To conclude we have to solve $\pm 1$ cases. 


*

*$\cos$ case : $n$ is even, $n=2p$. Then 
$$\cos\left(\frac{n\pi}{2}\right) = \cos\left(p\pi\right) = (-1)^p$$
So the result is $1$ if $p$ is even, $-1$ if odd

*$\sin$ case : $n$ is odd, $n=2p+1$. Then 
$$\sin\left(\frac{n\pi}{2}\right) =\sin\left(p\pi+\frac{\pi}{2}\right) = \cos\left(p\pi\right) = (-1)^p$$
So $1$ if $p$ is even, $-1$ if odd


Finally we get the following general expressions :
$$ \cos\left( \frac{n\pi}{2}\right) = (-1)^{\lfloor \frac{n}{2} \rfloor} \left( \frac{1+(-1)^n}{2} \right) $$
$$ \sin\left( \frac{n\pi}{2}\right) = (-1)^{\lfloor \frac{n}{2} \rfloor} \left( \frac{1-(-1)^n}{2} \right) $$
A: There are two cases:


*

*$n$ is even, write it as $2k$ and then you have $\cos(k\pi)$ and $\sin(k\pi)$ which you already know.

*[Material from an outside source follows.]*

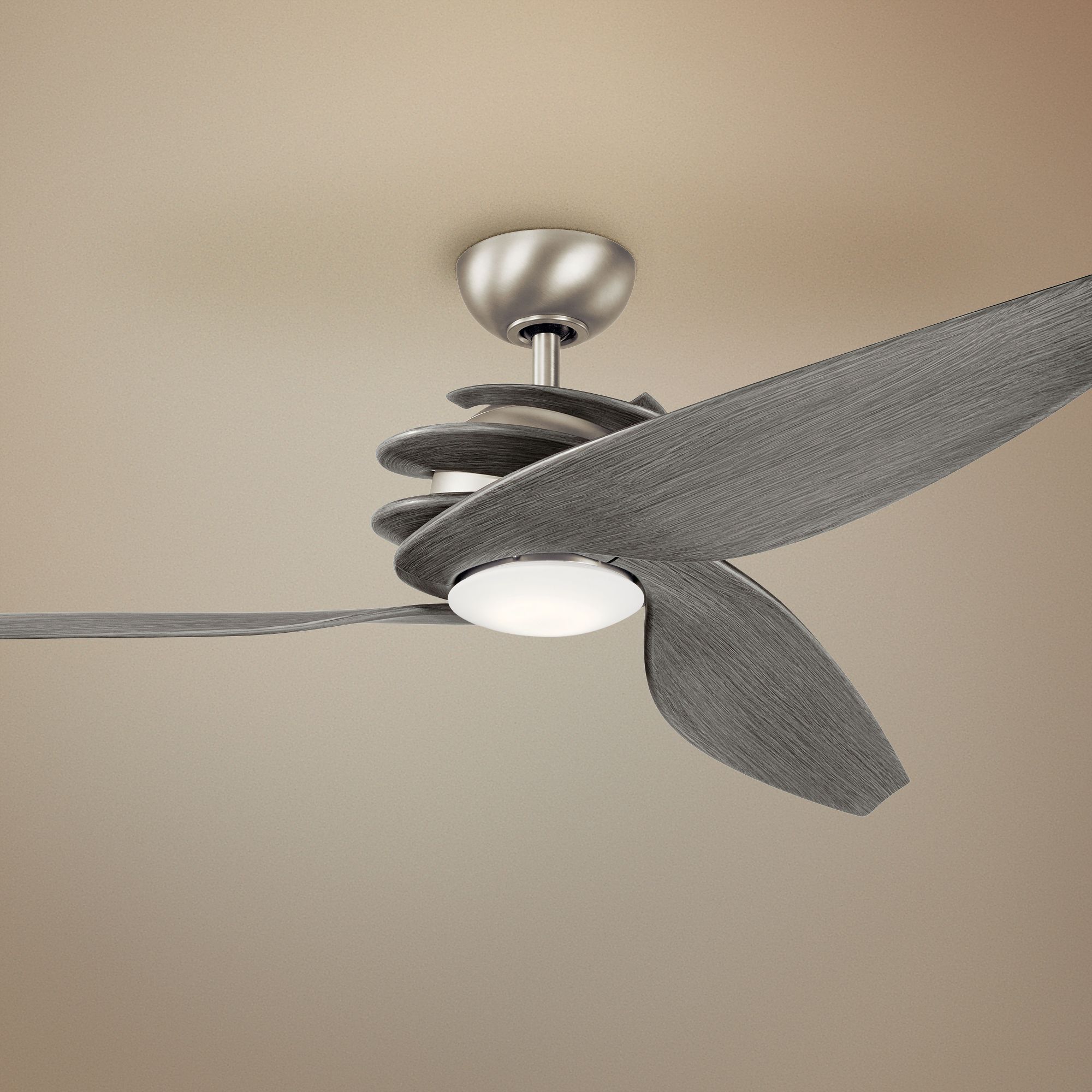 62" Kichler Spyra Brushed Nickel Driftwood LED Ceiling Fan 73D11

*$n$ is odd, write it as $2k+1$ and then you have $\cos(k\pi+\frac\pi2)$ and $\sin(k\pi+\frac\pi2)$. Recall that $\sin(x)=\cos(x+\frac\pi2)$, and deduce from the previous case what the values are.

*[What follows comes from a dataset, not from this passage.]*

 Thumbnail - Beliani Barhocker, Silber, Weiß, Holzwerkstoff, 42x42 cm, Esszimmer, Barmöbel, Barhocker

A: $\displaystyle \cos\frac{n\pi}{2}=\{1,0,-1,0\}=2\left\lfloor\frac{n}{4}\right\rfloor+2\left\lfloor\frac{n+1}{4}\right\rfloor+1-n$
$\displaystyle \sin\frac{n\pi}{2}=\{0,1,0,-1\}=n-2\left\lfloor\frac{n+1}{4}\right\rfloor-2\left\lfloor\frac{n+2}{4}\right\rfloor$